[SUPPLIED MATERIAL]:
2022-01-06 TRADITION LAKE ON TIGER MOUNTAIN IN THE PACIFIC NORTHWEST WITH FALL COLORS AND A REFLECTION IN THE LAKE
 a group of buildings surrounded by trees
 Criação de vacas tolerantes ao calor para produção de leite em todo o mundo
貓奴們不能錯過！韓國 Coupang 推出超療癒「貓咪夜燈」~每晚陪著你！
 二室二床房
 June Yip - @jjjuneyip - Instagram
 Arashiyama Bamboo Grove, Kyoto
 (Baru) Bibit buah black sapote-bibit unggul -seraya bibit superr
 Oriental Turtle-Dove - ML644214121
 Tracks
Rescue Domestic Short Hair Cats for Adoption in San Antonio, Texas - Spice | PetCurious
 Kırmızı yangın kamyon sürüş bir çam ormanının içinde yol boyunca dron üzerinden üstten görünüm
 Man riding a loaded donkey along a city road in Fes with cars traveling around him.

[PROBLEM STATEMENT]: Would you transcribe the entries above exactly as they appear?

[ANSWER]:
2022-01-06 TRADITION LAKE ON TIGER MOUNTAIN IN THE PACIFIC NORTHWEST WITH FALL COLORS AND A REFLECTION IN THE LAKE
 a group of buildings surrounded by trees
 Criação de vacas tolerantes ao calor para produção de leite em todo o mundo
貓奴們不能錯過！韓國 Coupang 推出超療癒「貓咪夜燈」~每晚陪著你！
 二室二床房
 June Yip - @jjjuneyip - Instagram
 Arashiyama Bamboo Grove, Kyoto
 (Baru) Bibit buah black sapote-bibit unggul -seraya bibit superr
 Oriental Turtle-Dove - ML644214121
 Tracks
Rescue Domestic Short Hair Cats for Adoption in San Antonio, Texas - Spice | PetCurious
 Kırmızı yangın kamyon sürüş bir çam ormanının içinde yol boyunca dron üzerinden üstten görünüm
 Man riding a loaded donkey along a city road in Fes with cars traveling around him.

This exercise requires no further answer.